Nino Rota (1911-1979) foi o grande parceiro de Fellini. Suas trilhas sonoras são conhecidas de todos que têm alguma ideia da cinematografia básica do século XX. A música de “O Poderoso Chefão”? Nino Rota. A de “O Leopardo” de Visconti? Nino Rota. A dos filmes de Fellini a partir de 1952 e de mais de 150 títulos? Nino Rota. Porém, fora do espaço do cinema, onde foi efetivamente brilhante e imenso, Rota não foi grande.

Contrariamente às novas correntes que ganhavam forma em meados do século XX, com Berio, Nono, Scelsi e Donatoni na ponta-de-lança, Rota optou por não abandonar a tonalidade, levando sua música de forma clássica. Isso não é um problema, é apenas uma opção. E foi isso que ouvimos ontem no Theatro São Pedro. O Divertimento concertante para contrabaixo e orquestra, escrito entre 1968 e 1973, é uma bonita obra com certo gosto de Prokofiev, como sublinhou nosso amigo Ricardo Branco. O Divertimento é forma musical muito popular durante o século XVIII, escrita para um pequeno número de instrumentos que devem soar descontraídos e alegres. Foi o caso.

O contrabaixista Giuseppe Ettore não tocou tão bem quanto o fizera no ensaio de segunda-feira, mas, mesmo assim, demonstrou ser um cara que trata seu instrumento como se fosse um violino, tal sua velocidade e virtuosismo. Para o meu gosto, o terceiro movimento (Aria), foi o grande momento da obra, principalmente no final, quando os contrabaixistas da orquestra respondem ao solista dizendo-lhe, baixinho e com voz de Sarastro, “chega de sofrimento, isso é um divertimento”.

Delon, cede la Cardinale pro véio porque ele dança melhor.
Delon, cede la Cardinale pro véio porque ele dança melhor.

O bis foi bem legal. O excelente Ettore atacou uma valsa de Il Gattopardo onde se ouviam ecos de Lampedusa e se viam os rostos de Claudia Cardinale e Burt Lancaster dançando. Um belo momento, com a orquestra se divertindo no ritmo da valsa. Aliás, as cordas da Ospa estiveram muito bem nos Rota.

Depois veio a Sinfonia Nº 2 em si bemol maior e outros bemóis, de Luís de Freitas Branco (1890-1955). Olha, é uma obra bem escrita e difícil.
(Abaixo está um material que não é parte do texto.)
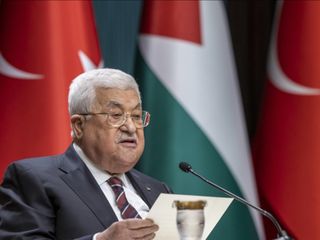 Filistin Devlet Başkanı Mahmud Abbas: Trump ile çalışmaya hazırız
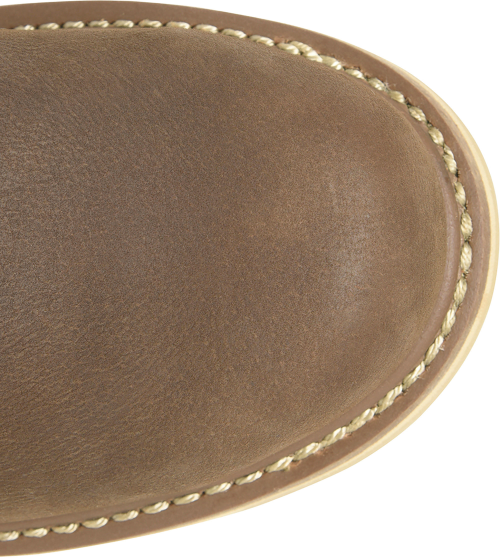 Carolina Men's Gritstone 6" Composite Toe Chelsea Work Boot - Brown - CA3605 - Overlook Boots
Deu trabalho. Mas é uma receita que inclui Tchaikovsky com Brahms com Dvorak com Mahler, tudo refogado num motivo cíclico retirado de um canto gregoriano. A coisa é fina, porém, realmente, não me apaixonei pelo Sr. Branco. Do ponto de vista pessoal, ele deve ter sido um sujeito bacana, tanto que não gostava muito de igrejas e foi expulso do Conservatório de Lisboa por “comportamento irreverente”, isso em pleno salazarismo. Aliás, ele desprezava Salazar, tendo composto duas Canções Revolucionárias de conteúdo hostil ao regime. Não preciso dizer que era um comuna que até escreveu uma ópera inspirada na luta de classes, chamada A Voz da Terra.

Valeu a ida ao velho teatro, mas creio que o ponto alto da noite foram as piadas pós-concerto, as quais não tiveram como foco a música.

Às 22h05min33s, a Ospa recebeu os merecidos aplausos.
Às 22h05min33s, a Ospa recebeu os merecidos aplausos.